- Promotional image
- Traditional Chinese: 公共場所
- Simplified Chinese: 公共场所
- Hanyu Pinyin: Gōng gōng cháng sǔo
- Directed by: Jia Zhangke
- Written by: Jia Zhangke
- Produced by: Cha Seung-jae
- Cinematography: Yu Lik-wai Jia Zhangke
- Edited by: Jia Zhangke
- Production company: Sidus Pictures
- Release date: 28 April 2001 (Jeonju);
- Running time: 30 minutes
- Country: China
- Language: Mandarin

= In Public (film) =

2001 film by Jia Zhangke

In Public (公共场所 (公共場所, Gōng gōng cháng sǔo, Public space)) is a short documentary film directed by Jia Zhangke, a Chinese cinema "Sixth Generation" movement filmmaker. In Public was shot on digital video for the 2001 Jeonju International Film Festival.

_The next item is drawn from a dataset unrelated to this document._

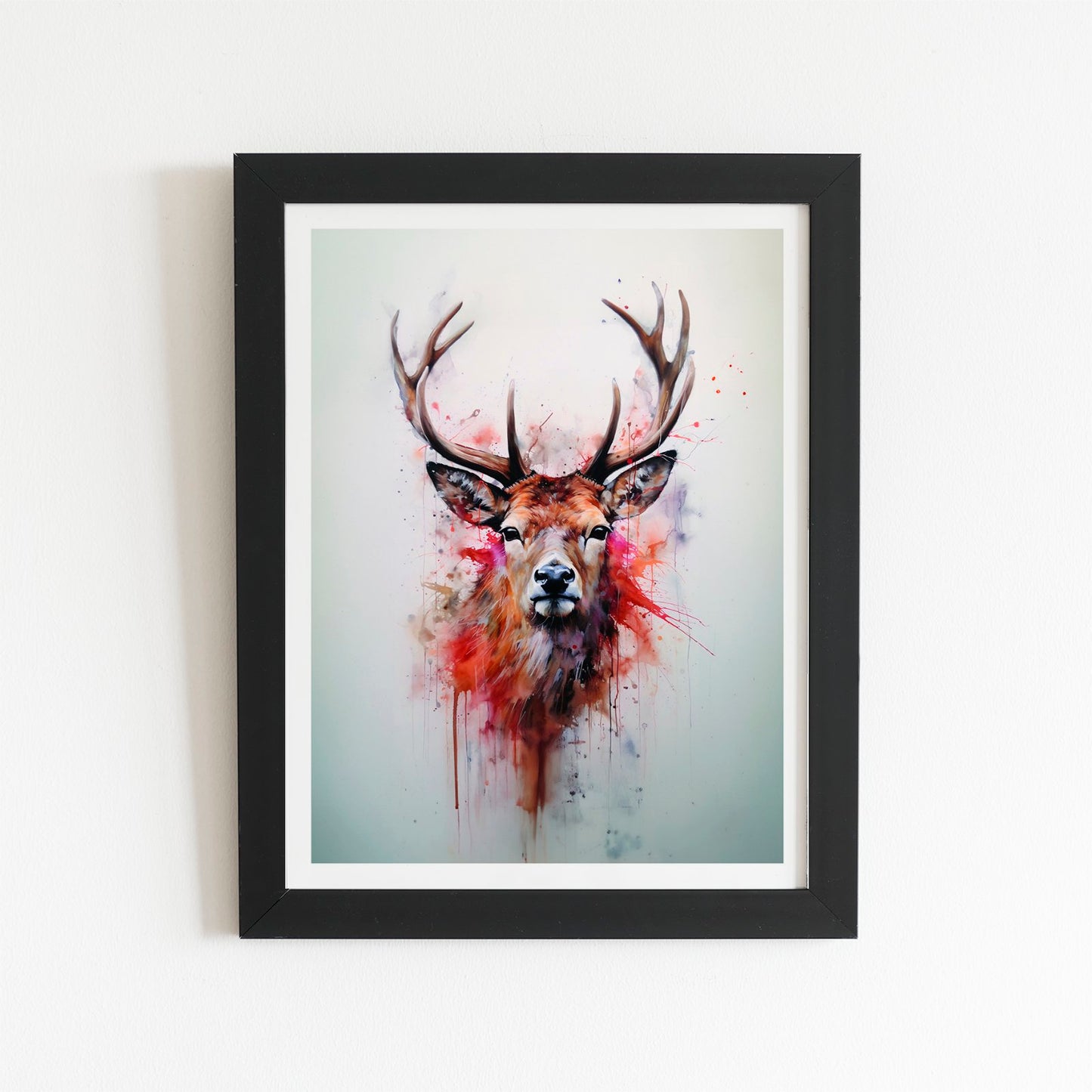 Watercolour Splashart Stag Face Art Prints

In many ways, the film was a test-run for the feature length fiction film Unknown Pleasures. Both films are shot digitally (a medium Jia would return to in Still Life (2006) and 24 City (2008)), both are set in the city of Datong, and both share the same shooting locations. As usual, Jia's regular collaborator Yu Lik-wai served as the film's director of photography.

The film also screened at the 2002 Marseille Festival of Documentary Film, where it won the Grand Prix.

== Background ==
In Public was made and submitted by Jia as part of a program at the 2001 Jeonju International Film Festival, where three directors were asked to produce a short film in digital video. The other two directors who produced entries that year were Taiwanese filmmaker Tsai Ming-liang and British director John Akomfrah. Setting up his camera in a train station in Datong, Jia made a film consisting of thirty shots over forty five days.

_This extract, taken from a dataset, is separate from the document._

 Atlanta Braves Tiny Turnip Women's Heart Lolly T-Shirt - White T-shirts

Lacking in any formal plot, the film instead captures seemingly mundane moments, customers asking for the train schedule, shots inside public buses, etc. The result, according to Chinese film scholar Berenice Reynaud, is a film that captures the "ennui, backwardness, and dreary atmosphere of a small town, and the impatience, hidden desires and private concerns of its inhabitants." For Jia, the film was a chance to focus on the public spaces in a modern provincial city of China: the train stations, discos, and karaokes of Datong.

== Relationship to Unknown Pleasures ==
While filming In Public, Jia became interested in not only the desolate-looking buildings that had originally attracted him to the city, but to the people who inhabited them. Moreover, Jia came to realize that filming digitally allowed him unprecedented flexibility and movement, inspiring him to begin production of Unknown Pleasures. Jia has said, "At first it was the bleak and lonely buildings that attracted me. When I saw the streets filled with lonely, directionless people, I became interested in them."

One critic, however, sees the film as more of a positive depiction of humanity than seen in Unknown Pleasures, noting that the film's final scene of people dancing in a dilapidated community center (the same center that opens the later film) elicits a sense of "people persevering despite the impoverishment of their existence." Unknown Pleasures, in contrast, is "incendiary bleakness and outrage."

Stylistically, In Public fits with the Jia oeuvre, situated between Platform and Unknown Pleasures, with the long takes of the former and the same desolate locations of the latter.